From the first line down to the one containing "Paper with toy, flower, petals, and", reproduce the entries below exactly and leave out the pictures.

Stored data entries
--

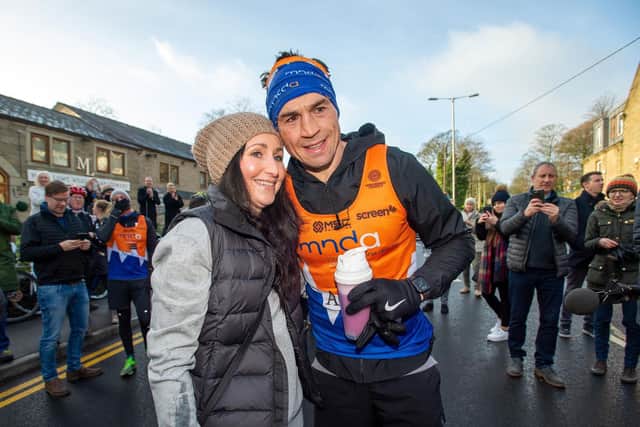 Kevin Sinfield is congratulated by his wife, Jayne, after his seventh marathon in as many days. Picture by Bruce Rollinson.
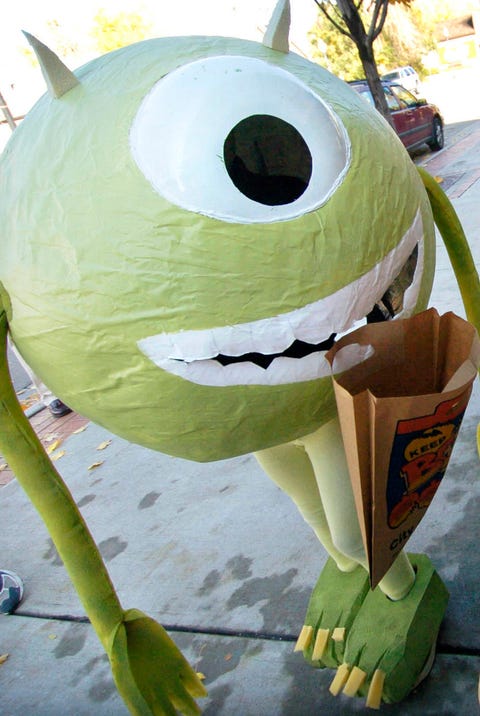 LOUISVILLE, COLORADO, OCTOBER 31, 2005--Warren <cq> Harris <cq> ,10, dressed as the one-eyed monster character named Mike Wazowski <cq> from the Disney animated movie Monsters Inc., looks over a candy selection while walking in the annual Louisville Eleme mike wazowski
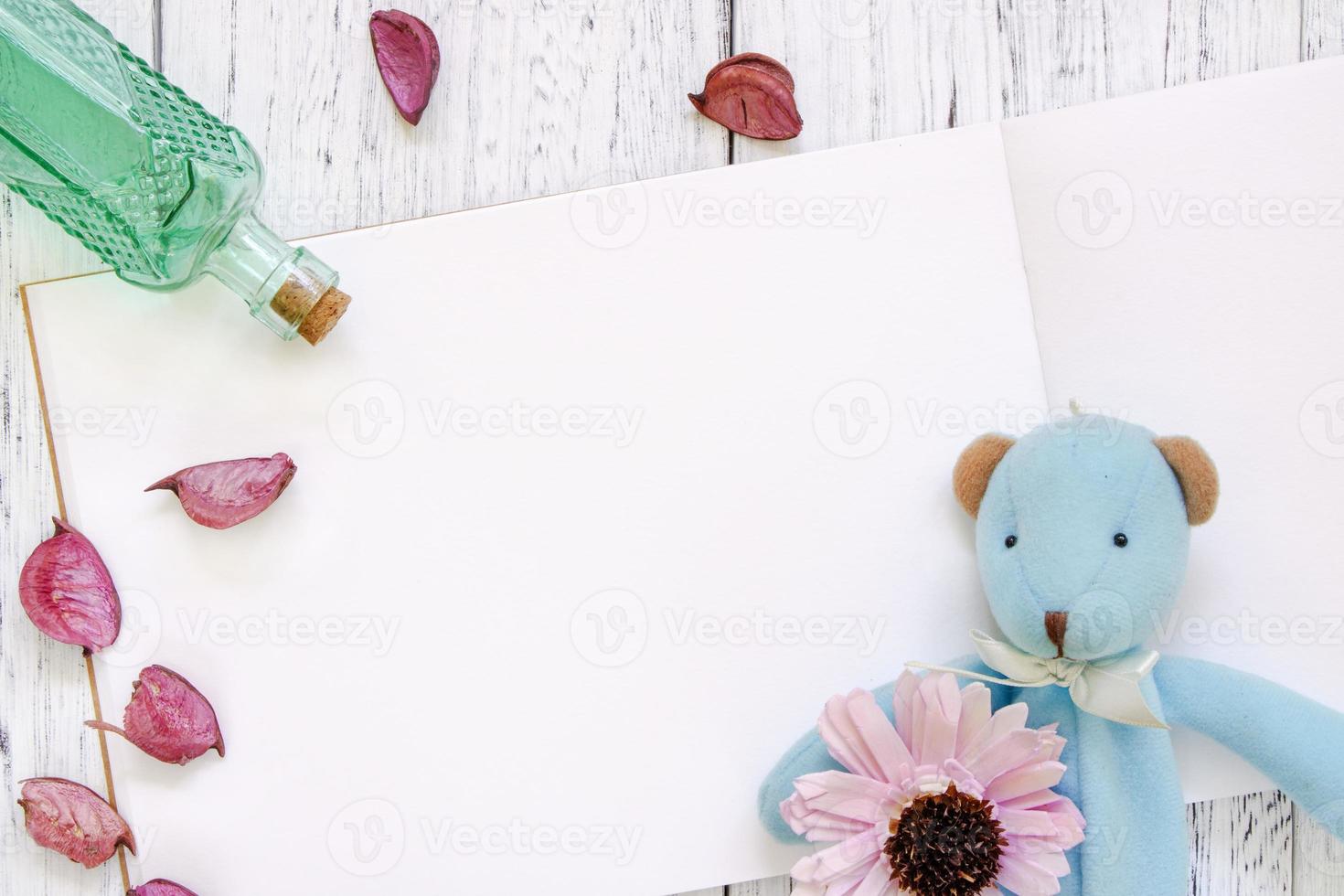 Paper with toy, flower, petals, and bottle photo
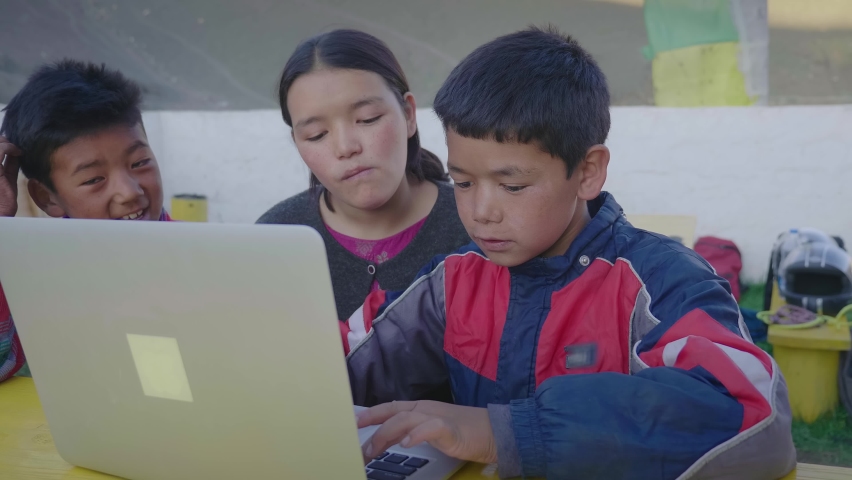 Three young East Asian rural kids sitting together outdoors completing a school project or an assignment together using a laptop in the mountainous rural village. Remote or distance education concept Royalty-Free Stock Footage #1081503299
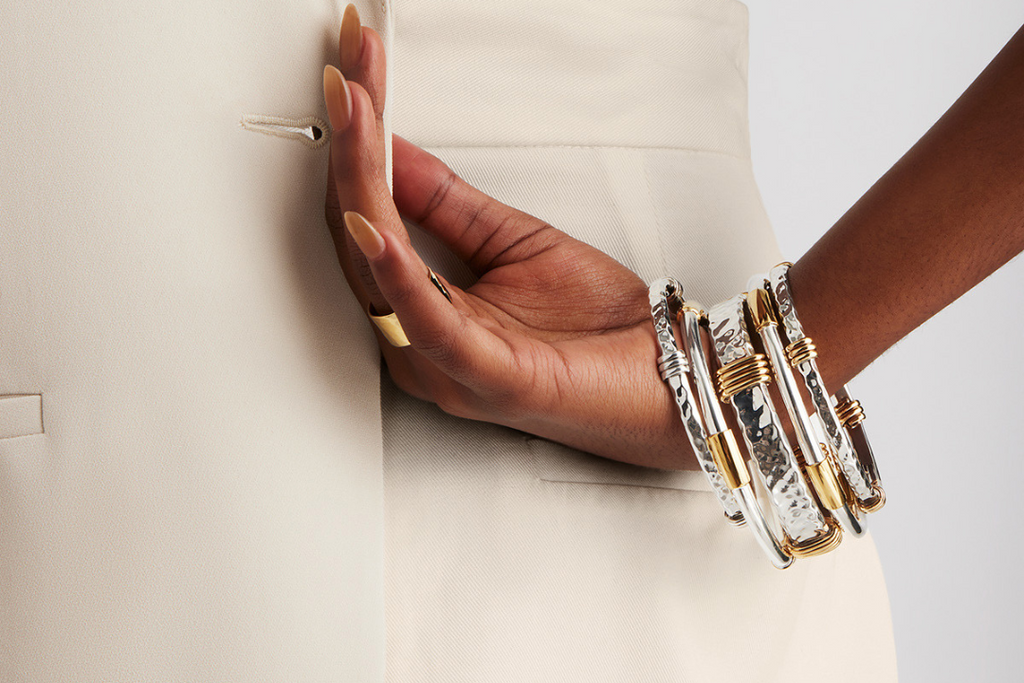 Close up of model wearing five silver and tumbaga bangles and a gold ring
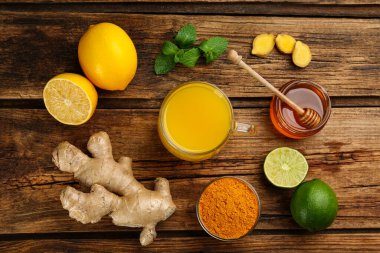 Bağışıklık güçlendirici içecek ve ahşap masa malzemeleri içeren düz bir kompozisyon.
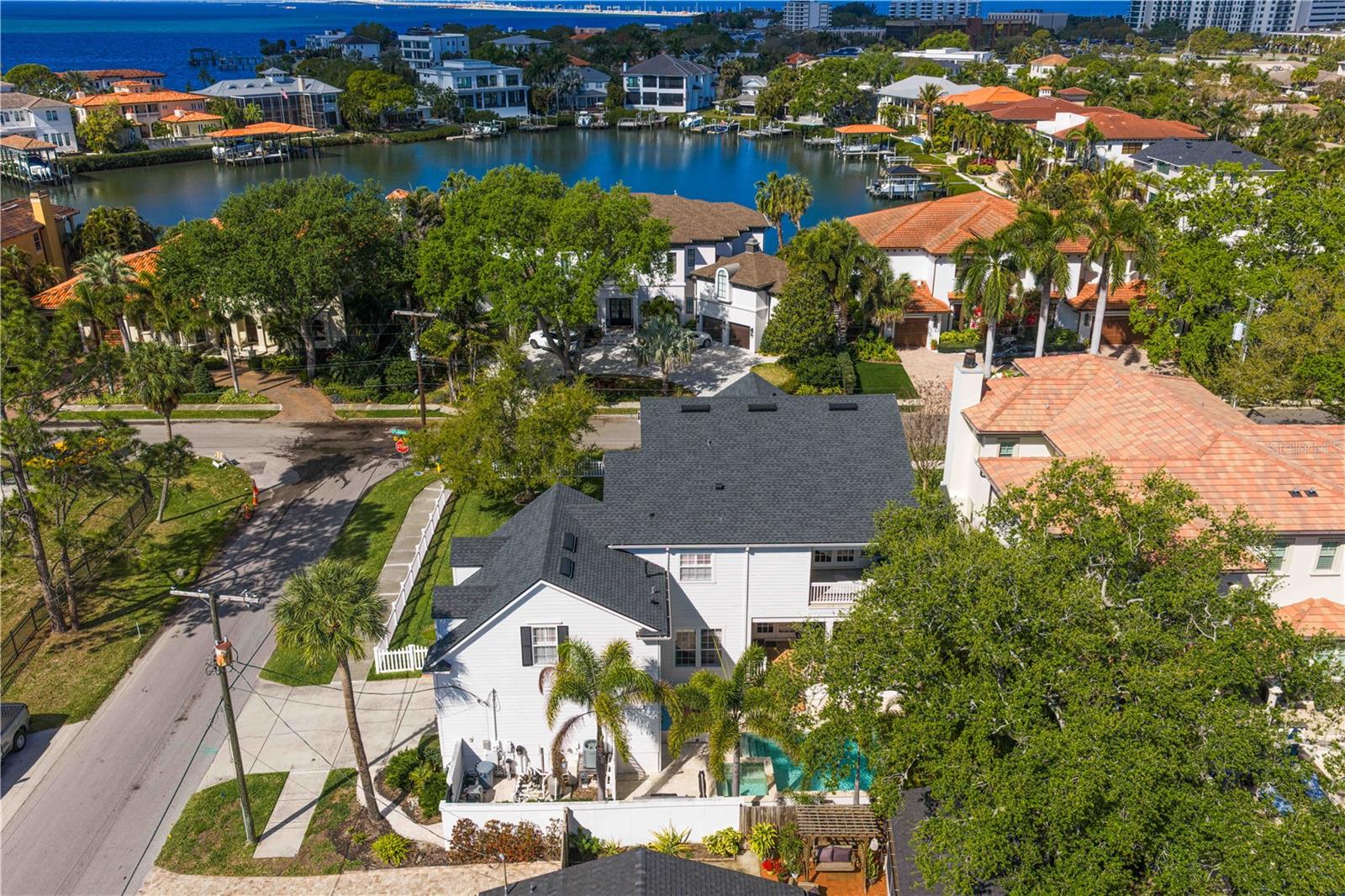 Rear of home -- directly across the street you are surrounding by gorgeous waterfront homes.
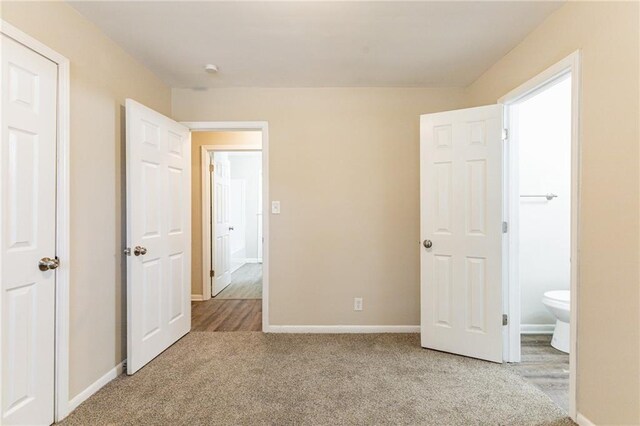 453 Utoy Cir SW, Atlanta, GA 30331 - unfurnished bedroom with light colored carpet and connected bathroom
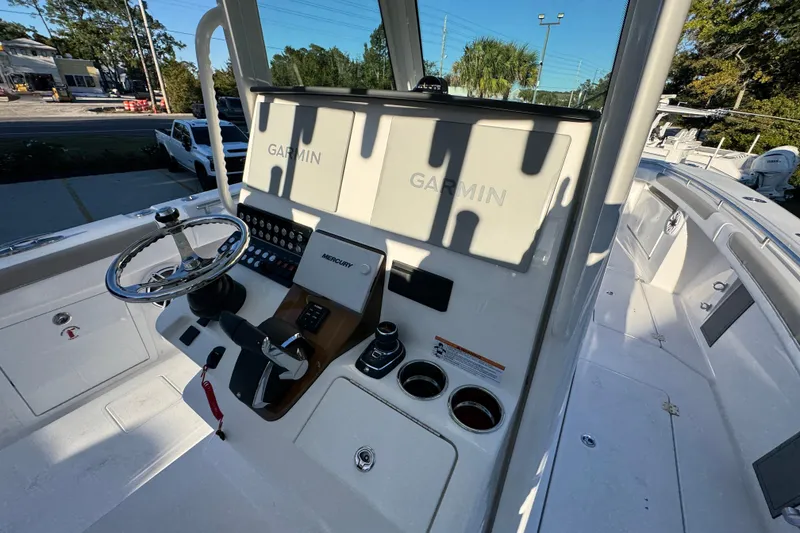 Slide: The Image of 2026 Caymas 34 CT boat cockpit with Garmin navigation system and steering wheel. - 26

--

• _Completed task_:
 Kevin Sinfield is congratulated by his wife, Jayne, after his seventh marathon in as many days. Picture by Bruce Rollinson.
 LOUISVILLE, COLORADO, OCTOBER 31, 2005--Warren <cq> Harris <cq> ,10, dressed as the one-eyed monster character named Mike Wazowski <cq> from the Disney animated movie Monsters Inc., looks over a candy selection while walking in the annual Louisville Eleme mike wazowski
 Paper with toy, flower, petals, and bottle photo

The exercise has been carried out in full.